IMHO, PacBio does need to get some papers out on applications (Mardis' group apparently is close to having one) and make sure that the next tranche of installations not only includes the Sanger & BGI, but that there are also some core labs or commercial providers. Also, they need to start pumping data into the public domain -- while they signed a bunch of commercial software providers up, it is definitely out of academia that you find the most radical advances. Plus, there are a lot of now well-entrenched open source tools that need to be tested with the new kid.
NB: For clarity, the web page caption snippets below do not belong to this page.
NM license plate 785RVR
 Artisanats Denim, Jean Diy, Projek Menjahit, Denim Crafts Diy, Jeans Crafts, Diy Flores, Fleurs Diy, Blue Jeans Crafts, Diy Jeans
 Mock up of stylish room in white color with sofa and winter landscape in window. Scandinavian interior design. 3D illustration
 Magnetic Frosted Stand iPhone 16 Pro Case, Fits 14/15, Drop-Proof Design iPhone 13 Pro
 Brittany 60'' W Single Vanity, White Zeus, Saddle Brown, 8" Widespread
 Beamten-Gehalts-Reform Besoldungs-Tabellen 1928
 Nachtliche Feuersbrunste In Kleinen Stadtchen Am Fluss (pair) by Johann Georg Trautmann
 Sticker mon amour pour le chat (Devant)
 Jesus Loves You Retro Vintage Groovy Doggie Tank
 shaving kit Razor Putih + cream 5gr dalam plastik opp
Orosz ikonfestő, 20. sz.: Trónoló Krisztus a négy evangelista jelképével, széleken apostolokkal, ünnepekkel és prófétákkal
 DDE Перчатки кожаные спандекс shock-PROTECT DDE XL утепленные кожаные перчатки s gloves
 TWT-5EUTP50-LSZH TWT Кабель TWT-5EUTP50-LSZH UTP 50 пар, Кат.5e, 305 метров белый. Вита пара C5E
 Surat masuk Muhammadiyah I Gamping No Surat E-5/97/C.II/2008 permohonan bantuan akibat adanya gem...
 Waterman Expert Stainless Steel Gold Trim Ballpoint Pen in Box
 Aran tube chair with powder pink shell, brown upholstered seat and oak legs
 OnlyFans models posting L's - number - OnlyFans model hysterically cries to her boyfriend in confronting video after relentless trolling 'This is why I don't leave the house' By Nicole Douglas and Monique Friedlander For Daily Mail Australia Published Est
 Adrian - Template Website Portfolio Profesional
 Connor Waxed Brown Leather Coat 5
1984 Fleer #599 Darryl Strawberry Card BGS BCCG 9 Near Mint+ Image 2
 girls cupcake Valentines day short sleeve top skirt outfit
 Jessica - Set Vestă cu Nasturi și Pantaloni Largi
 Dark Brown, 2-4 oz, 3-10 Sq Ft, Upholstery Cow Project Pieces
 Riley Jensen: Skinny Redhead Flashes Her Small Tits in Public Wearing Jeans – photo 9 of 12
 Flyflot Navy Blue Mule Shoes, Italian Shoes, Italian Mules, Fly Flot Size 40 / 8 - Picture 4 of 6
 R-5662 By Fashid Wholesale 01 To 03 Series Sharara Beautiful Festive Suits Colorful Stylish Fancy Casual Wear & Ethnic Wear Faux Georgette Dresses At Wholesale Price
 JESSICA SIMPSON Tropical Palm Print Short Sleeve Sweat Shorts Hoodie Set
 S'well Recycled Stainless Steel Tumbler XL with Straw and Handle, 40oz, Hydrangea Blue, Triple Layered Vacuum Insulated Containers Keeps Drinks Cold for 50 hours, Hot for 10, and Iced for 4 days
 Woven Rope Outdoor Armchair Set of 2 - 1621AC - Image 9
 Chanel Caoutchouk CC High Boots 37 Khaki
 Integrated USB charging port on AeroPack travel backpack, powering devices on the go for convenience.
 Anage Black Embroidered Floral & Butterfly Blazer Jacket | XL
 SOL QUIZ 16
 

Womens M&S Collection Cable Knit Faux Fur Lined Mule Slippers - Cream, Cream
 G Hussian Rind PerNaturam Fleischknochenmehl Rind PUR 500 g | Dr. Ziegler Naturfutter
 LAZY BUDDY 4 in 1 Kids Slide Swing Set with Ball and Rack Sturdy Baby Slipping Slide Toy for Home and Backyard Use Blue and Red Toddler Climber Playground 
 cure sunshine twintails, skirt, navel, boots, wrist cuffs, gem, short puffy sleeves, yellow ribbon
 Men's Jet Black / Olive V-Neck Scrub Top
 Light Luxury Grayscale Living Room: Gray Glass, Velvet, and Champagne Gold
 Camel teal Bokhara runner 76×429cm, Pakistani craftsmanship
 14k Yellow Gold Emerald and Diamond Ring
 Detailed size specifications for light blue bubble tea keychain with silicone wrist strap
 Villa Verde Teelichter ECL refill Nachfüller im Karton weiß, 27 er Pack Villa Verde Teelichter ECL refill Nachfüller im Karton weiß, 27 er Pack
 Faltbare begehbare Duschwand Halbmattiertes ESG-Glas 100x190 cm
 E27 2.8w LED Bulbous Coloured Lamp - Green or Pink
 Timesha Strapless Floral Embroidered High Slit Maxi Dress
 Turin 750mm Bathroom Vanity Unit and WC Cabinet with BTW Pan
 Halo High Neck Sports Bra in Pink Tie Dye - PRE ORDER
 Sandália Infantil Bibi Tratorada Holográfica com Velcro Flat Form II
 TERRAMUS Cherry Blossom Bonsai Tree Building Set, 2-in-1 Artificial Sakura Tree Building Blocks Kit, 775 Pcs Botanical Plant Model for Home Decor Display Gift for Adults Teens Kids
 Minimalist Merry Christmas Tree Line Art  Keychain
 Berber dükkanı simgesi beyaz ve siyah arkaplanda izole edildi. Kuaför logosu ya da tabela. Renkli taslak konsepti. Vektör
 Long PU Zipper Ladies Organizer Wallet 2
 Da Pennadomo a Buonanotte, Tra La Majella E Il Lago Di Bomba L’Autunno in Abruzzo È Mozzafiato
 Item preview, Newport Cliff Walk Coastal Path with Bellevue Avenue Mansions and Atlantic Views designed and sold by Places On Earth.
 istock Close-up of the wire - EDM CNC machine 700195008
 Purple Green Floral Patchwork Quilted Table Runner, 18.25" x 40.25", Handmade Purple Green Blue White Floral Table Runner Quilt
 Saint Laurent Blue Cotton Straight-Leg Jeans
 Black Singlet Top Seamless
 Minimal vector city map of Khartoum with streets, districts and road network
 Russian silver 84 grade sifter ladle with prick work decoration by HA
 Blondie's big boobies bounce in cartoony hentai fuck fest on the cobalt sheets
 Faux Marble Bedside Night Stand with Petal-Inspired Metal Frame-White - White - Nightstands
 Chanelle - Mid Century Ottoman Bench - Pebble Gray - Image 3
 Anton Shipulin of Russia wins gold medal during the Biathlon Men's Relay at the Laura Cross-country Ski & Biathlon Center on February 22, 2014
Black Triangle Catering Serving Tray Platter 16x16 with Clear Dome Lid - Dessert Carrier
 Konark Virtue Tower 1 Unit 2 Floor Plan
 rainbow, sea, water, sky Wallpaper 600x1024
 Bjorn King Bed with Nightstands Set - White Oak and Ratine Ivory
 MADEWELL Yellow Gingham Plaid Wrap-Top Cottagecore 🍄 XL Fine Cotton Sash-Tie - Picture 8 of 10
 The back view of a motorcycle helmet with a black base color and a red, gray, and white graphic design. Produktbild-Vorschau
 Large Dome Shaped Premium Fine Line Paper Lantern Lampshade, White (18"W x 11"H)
Even simple things like the semi-standard SAM/BAM format are going to need tweaking -- SAM/BAM stores all sorts of information on read pairs, and the strobe sequencing can generate many more than 2 tags per DNA fragment.
Of course, we have to wait another half day plus to find out what Ion Torrent is really delivering. That could really shake up the landscape -- at least the mental one.
A huge thanks to all the bloggers & twitterers for pouring out so much information. I'm still getting used to scanning past the retweets (is there a way to condense them) and there is the occasional shock-to-the-system (how could anyone in the field not have heard of Rodger Staden?!?), but that's a tiny price to pay for such fascinating stuff.